The method cv::estimateRigidTransform takes as input two sets of corresponding points. And then solves set of equations to find the transformation matrix. The output of the transformation matches src points to dst points (exactly or closely, if exact match is not possible - for example float coordinates).
If you apply estimateRigidTransform on two images, OpenCV first find matching pairs of points using some internal method (see opencv docs).
cv::warpAffine then transforms the src image to dst according to given transformation matrix. But any (almost any) transformation is loss operation. The algorithm has to estimate some data, because they aren't available. This process is called interpolation, using known information you calculate the unknown value. Some info regarding image scaling can be found on wiki. Same rules apply to other transformations - rotation, skew, perspective... Obviously this doesn't apply to translation.
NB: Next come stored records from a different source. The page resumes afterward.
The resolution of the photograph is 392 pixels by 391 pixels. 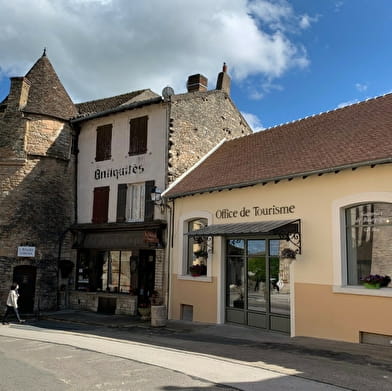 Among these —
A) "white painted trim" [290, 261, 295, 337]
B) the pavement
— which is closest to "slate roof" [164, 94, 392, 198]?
"white painted trim" [290, 261, 295, 337]

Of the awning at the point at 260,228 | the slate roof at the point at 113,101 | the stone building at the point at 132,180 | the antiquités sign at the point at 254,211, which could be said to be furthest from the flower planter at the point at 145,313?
the slate roof at the point at 113,101

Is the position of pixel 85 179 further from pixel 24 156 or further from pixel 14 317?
pixel 14 317

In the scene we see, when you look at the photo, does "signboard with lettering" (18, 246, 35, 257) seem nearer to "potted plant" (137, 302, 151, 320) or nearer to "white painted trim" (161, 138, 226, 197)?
"potted plant" (137, 302, 151, 320)

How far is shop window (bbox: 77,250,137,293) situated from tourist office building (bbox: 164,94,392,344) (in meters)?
2.61

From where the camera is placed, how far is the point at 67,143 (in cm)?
1816

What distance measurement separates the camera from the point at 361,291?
Answer: 9289 millimetres

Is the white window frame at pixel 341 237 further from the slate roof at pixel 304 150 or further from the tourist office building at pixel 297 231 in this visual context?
the slate roof at pixel 304 150

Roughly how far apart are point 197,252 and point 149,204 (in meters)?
2.87

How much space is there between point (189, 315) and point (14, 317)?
666 centimetres

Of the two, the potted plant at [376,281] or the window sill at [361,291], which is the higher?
the potted plant at [376,281]

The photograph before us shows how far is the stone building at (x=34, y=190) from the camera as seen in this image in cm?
1647

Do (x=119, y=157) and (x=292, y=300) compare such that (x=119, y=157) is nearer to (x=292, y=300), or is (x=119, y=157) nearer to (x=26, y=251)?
(x=26, y=251)

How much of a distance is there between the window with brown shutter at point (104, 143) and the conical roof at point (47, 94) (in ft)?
5.89

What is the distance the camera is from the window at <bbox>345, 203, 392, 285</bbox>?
9359mm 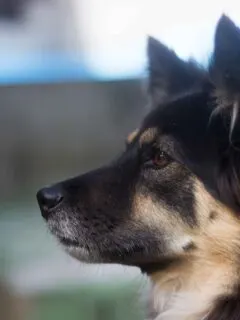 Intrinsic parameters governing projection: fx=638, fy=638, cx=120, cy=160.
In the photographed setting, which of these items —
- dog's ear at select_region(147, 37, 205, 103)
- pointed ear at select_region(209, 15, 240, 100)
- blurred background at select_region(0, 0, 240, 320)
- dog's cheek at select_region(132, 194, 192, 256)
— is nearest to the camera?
pointed ear at select_region(209, 15, 240, 100)

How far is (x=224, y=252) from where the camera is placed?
3.41 ft

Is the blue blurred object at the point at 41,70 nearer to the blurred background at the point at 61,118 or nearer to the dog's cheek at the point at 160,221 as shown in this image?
the blurred background at the point at 61,118

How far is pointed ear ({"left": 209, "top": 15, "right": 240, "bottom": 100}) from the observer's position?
0.92m

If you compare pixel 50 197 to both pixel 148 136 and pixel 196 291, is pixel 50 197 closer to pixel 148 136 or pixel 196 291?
pixel 148 136

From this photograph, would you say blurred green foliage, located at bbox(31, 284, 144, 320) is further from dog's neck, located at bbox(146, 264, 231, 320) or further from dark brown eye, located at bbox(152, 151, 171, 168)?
dark brown eye, located at bbox(152, 151, 171, 168)

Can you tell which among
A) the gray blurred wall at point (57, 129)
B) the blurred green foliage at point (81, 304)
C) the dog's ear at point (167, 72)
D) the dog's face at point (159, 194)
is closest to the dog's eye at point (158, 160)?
the dog's face at point (159, 194)

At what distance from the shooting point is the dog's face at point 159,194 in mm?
1000

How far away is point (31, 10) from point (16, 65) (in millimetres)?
134

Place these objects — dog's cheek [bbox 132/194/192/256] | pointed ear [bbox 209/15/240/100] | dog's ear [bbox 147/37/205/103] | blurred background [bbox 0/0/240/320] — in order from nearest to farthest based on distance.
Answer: pointed ear [bbox 209/15/240/100]
dog's cheek [bbox 132/194/192/256]
dog's ear [bbox 147/37/205/103]
blurred background [bbox 0/0/240/320]

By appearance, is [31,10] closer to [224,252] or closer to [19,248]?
[19,248]

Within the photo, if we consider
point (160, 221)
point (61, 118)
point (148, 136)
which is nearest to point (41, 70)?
point (61, 118)

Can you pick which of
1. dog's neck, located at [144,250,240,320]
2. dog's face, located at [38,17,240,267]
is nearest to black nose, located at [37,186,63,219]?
dog's face, located at [38,17,240,267]

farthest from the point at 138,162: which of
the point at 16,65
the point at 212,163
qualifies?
the point at 16,65

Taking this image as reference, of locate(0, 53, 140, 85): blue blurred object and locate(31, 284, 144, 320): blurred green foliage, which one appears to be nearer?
locate(0, 53, 140, 85): blue blurred object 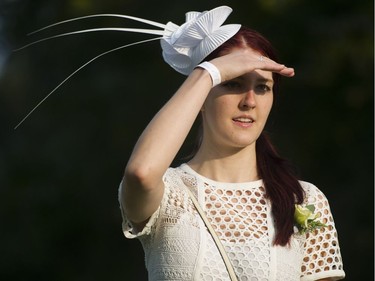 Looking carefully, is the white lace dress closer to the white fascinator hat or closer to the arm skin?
the arm skin

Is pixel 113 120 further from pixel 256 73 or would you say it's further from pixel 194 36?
pixel 256 73

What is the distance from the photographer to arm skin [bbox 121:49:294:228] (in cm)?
433

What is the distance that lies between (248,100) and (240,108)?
0.15 ft

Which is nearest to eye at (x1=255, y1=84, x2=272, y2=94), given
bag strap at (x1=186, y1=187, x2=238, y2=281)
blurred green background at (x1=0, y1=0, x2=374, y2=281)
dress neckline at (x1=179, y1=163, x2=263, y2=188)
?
dress neckline at (x1=179, y1=163, x2=263, y2=188)

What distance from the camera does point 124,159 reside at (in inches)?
534

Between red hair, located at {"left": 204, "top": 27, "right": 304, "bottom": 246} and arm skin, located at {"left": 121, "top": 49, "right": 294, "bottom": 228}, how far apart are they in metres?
0.15

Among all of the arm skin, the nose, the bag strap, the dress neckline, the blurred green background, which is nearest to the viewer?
the arm skin

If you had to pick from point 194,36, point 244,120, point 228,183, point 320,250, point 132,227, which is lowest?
point 320,250

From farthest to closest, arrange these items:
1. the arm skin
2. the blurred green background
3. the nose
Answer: the blurred green background
the nose
the arm skin

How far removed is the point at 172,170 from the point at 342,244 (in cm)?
773

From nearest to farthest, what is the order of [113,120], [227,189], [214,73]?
1. [214,73]
2. [227,189]
3. [113,120]

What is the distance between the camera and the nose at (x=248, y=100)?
15.4ft

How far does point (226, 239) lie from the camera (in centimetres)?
462

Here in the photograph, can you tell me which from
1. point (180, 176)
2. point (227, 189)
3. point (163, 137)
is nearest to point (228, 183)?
point (227, 189) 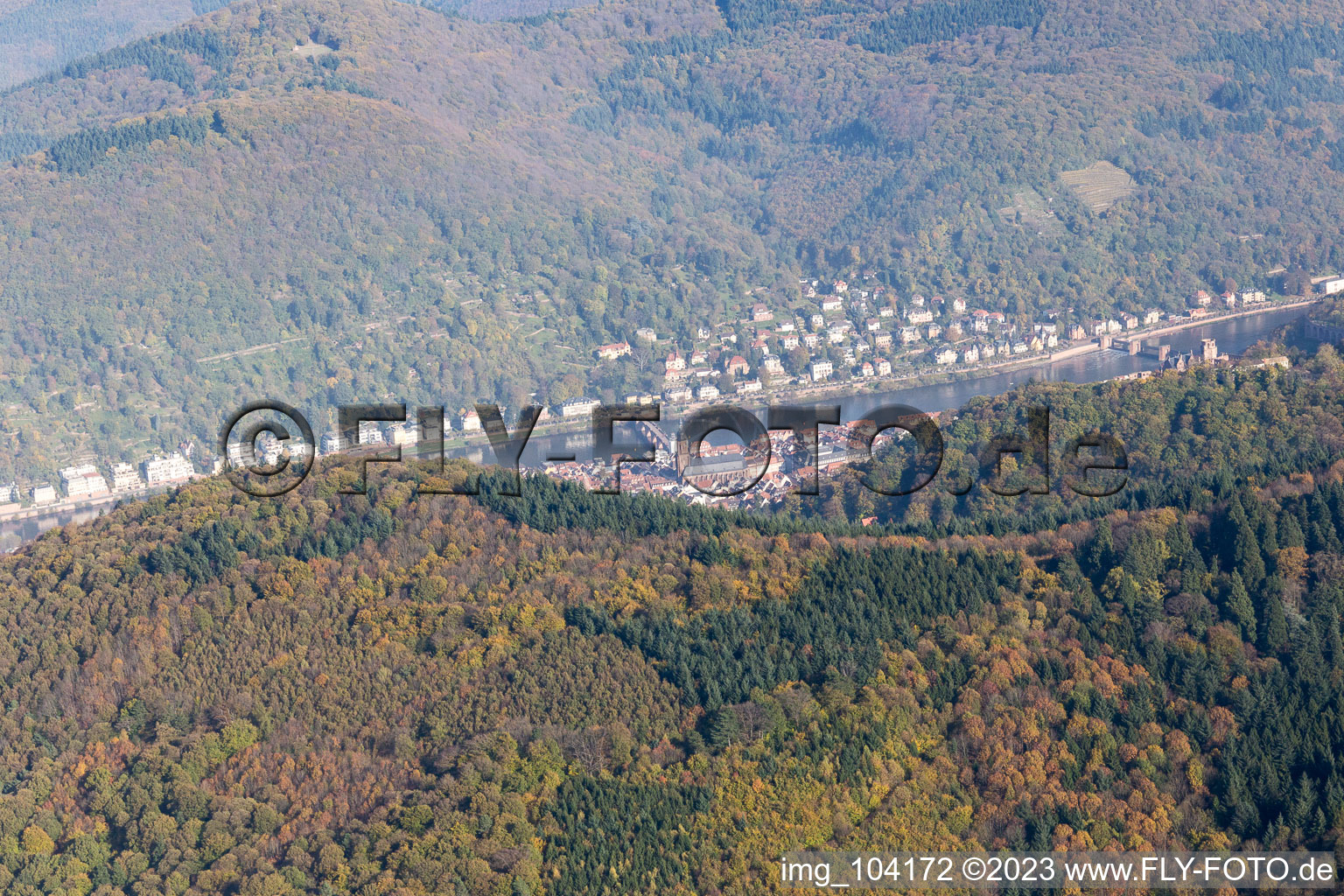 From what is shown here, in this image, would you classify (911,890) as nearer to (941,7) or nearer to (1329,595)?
(1329,595)

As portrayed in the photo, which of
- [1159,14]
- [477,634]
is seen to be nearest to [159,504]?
[477,634]

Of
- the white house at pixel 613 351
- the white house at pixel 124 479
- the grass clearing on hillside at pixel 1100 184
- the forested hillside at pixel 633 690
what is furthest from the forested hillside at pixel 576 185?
the forested hillside at pixel 633 690

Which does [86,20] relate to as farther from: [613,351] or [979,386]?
[979,386]

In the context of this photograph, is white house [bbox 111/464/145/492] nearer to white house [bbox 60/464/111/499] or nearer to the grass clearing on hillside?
white house [bbox 60/464/111/499]

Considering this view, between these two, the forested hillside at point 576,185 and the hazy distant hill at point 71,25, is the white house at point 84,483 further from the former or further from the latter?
the hazy distant hill at point 71,25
Given your test images, I would guess that OpenCV takes the lampshade as reference. From the difference is clear that the lampshade is transformed best. Default the OpenCV uses linear interpolation for warping as it's fastest method. But you can set more advances method for better results - again consult opencv docs.
Conclusion:
The result you got is pretty good, if you bear in mind, it's result of automated process. If you want better results, you'll have to find another method for selecting corresponding points. Or use better interpolation method. Either way, after the transform, the diff will not be 0. It virtually impossible to achieve that, because bitmap is discrete grid of pixels, so there will always be some gaps, which needs to be estimated.